For fur trappers, it's just another bump in a roller-coaster market, where trappers have to keep one eye on the trends in Vogue magazine and the other on very rural worries such as rabies outbreaks and coyotes.
Old-timers still remember that business started getting bad after World War II, when the federal government passed a truth-in-labeling law. No longer could the lowly muskrat be sold under the more distinguished name "Hudson seal," and trappers were required to call a skunk a skunk.
The 1970s were a boom time, but the 1980s brought another bust, as clothing tastes changed and animal rights groups increased their attacks on fur as fashion.
The low point might have been about 1993, when the number of licensed trappers in Virginia fell to about 700, down from nearly 5,300 in 1979.
The recent comeback began when fur trim started appearing on high-fashion designs.
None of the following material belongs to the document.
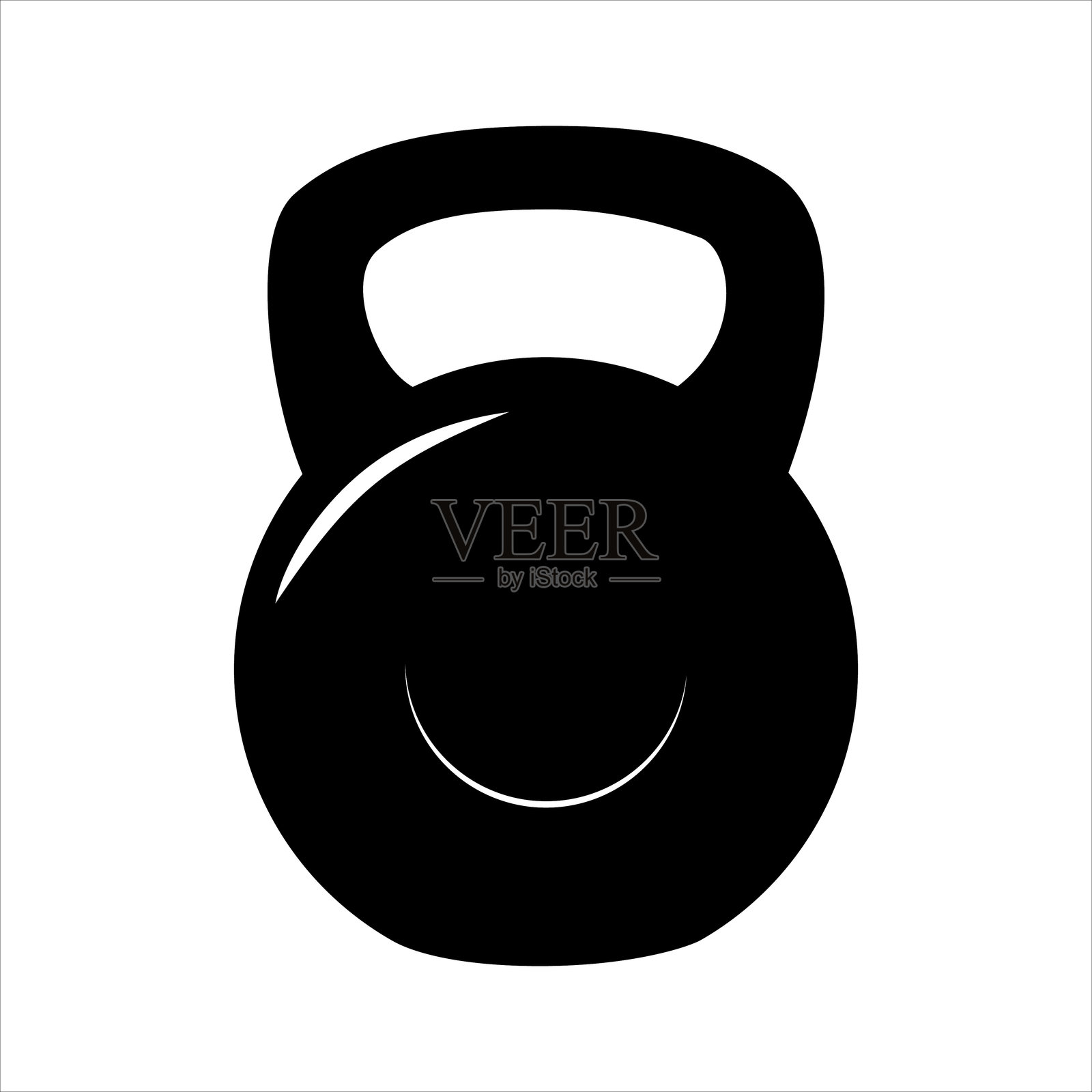 壶铃图标。插画图片素材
Then fur became an accessory of wealth sought after by hip-hop stars -- today's rappers reference chinchilla, the fur of a South American rodent, like they did diamonds or Cadillac Escalades a few years ago.
It added up to a good market for all furs, including farm-raised minks and pelts from such wild animals as beavers and foxes. Overall, $1.8 billion worth of fur was sold in the United States in 2003, up by 7.5 percent over the previous year, according to the Fur Information Council of America.
"The fur market itself has been rather warm. Not hot; rather warm," said Sandy Parker, a New York-based journalist who writes a weekly newsletter for the fur industry. "That's fashion."
In addition to changes in the United States, there was a sudden demand for fur in Asia, especially China. There, industry officials say, otter is highly sought after to make coats and hats for men.
The otter market was a special boon to Virginia, which allows trappers to take an unlimited number of otters in areas east of the Blue Ridge Mountains.
Maryland limits trappers to five otters a season in much of the state. West Virginia, where the animals are rare, does not allow otter trapping.
Even with the improved market, trappers say their life remains difficult: They get up before dawn to check their traps and spend their evenings skinning the animals and laying pelts out to dry.
There is also a low success rate: A line of 10 traps might catch one raccoon a night. More valuable animals, such as otters, are even more rare.
When the work is done, trappers sell their pelts through international auction houses and receive only a fraction of the price that eventually will be paid for a fur coat or hat.
Kline, the trapper from Northern Virginia, said he often considers his position at the dirty bottom end of a glamorous international market.
"You often think about some of the furs that you've harvested, what became of them," he said. Maybe they're still in somebody's closet. Maybe they were long ago thrown away and wound up in a landfill. If so, Kline thinks of that as biodegrading, "returning to the earth."